Giant Monstershow: The Giant Spider Invasion

The October Horrorshow Giant Monstershow continues on with a putrid mess of a movie. From 1975, The Giant Spider Invasion comes to us via screenwriters Robert Easton and Richard L. Huff (who also produced). Bill Rebane handled the directing. According to the internet, so it must be true, this stupid movie, despite its low budget and general incompetence, was a moneymaker for Huff and company. How a movie this bad, starring a disguised Volkswagen as a giant spider, ended up being profitable is beyond me. It feels something of a crime against the art of film that this movie found success.

Filmed on location in rural Wisconsin, The Giant Spider Invasion follows the events that afflict a community after a meteorite lands in a farm field. The meteorite carries with it spiders from space who are ready to take over the world. That’s a silly idea and is in keeping with what one expects from giant monster flicks. It’s in the execution that makes this film fail, whereas something like Beginning of the End is good for much mirth.

The film stars a litany of Hollywood film and television also-rans.
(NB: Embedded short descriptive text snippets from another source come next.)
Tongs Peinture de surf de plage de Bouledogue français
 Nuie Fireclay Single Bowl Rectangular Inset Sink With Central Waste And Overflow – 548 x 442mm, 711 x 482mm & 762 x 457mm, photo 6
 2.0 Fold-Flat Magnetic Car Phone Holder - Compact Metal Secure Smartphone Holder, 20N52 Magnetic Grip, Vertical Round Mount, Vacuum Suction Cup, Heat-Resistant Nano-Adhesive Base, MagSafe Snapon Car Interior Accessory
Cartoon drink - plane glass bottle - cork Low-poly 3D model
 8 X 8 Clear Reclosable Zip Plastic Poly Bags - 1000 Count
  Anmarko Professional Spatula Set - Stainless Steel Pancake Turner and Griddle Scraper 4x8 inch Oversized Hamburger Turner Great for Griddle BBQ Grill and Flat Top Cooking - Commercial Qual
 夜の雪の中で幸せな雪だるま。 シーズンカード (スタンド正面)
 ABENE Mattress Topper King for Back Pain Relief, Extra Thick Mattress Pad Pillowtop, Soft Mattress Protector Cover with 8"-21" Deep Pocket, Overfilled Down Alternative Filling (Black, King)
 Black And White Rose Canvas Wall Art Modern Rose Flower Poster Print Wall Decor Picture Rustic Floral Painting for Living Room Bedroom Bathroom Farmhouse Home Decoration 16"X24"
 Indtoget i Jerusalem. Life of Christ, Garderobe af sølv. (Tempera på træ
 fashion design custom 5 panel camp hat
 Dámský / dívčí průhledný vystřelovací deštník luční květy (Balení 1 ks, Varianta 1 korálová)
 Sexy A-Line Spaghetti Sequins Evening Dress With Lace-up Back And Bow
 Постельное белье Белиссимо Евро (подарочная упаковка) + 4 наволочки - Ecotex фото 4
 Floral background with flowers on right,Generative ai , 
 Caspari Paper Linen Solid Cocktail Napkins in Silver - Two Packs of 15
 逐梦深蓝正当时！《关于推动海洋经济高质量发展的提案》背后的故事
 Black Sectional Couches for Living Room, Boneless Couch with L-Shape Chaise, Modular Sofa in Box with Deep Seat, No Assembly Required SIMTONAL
Steve Brodie and Barbara Hale play Drs. J.R Vance and Jenny Langer. They are in the film as the resident experts who provide scientific exposition. With any luck, they will also provide a solution to all the nasty spiders running around.

These two are joined by Alan Hale, Jr as the local sheriff, Easton as an adulterous, trashy farmer, and Leslie Parrish as his drunken wife. These three cast members send this movie over the top in shittiness. In a movie that crawls very slowly along, these nonsense characters and the people who portray them provide the only signs The Giant Spider Invasionof life. This flick is a slog, and while Hale’s character’s lame jokes or Easton’s hurled abuse don’t make the journey that much easier, it’s still better than spending yet more lab time with Vance and Langer.

This movie is so somnambulistic that viewers will have a difficult time staying engaged. That’s not our fault, of course. It’s this shitty movie’s. Being low rent isn’t a sin in film. Great films have been made with bad film stock, cheap lenses, and muddled sound. This ain’t one of them.

The film climaxes with the giant spider promised by the title. And I was not exaggerating. It really is a Volkswagen. The filmmakers covered it with spider fur and attached some gigantic puppet arms for it to reach its victims. As bad as it looks, it could look worse. That’s because surviving prints of this dog are worn out and dark. It’s almost impossible to make out any detail in this film when natural light was used. It’s an almost impenetrable mud. I would like to think that age and lack of care is the only culprit, but I just can’t let cinematographer Jack Willoughby off the hook. His film looks bad.

There really isn’t much to recommend this film. It’s a 1950s-style monster flick that came a couple of decades late. It embraces all the cheapness of something Bert I. Gordon or Ray Kellogg would have made, only it’s even more inept. That’s quite a feat. The result is removing the last bit of watchability from a tired idea. The Giant Spider Invasion is not only a far worse film than Alien: Resurrection, it’s so bad that I wish I had found something else for this slot in the Giant Monstershow.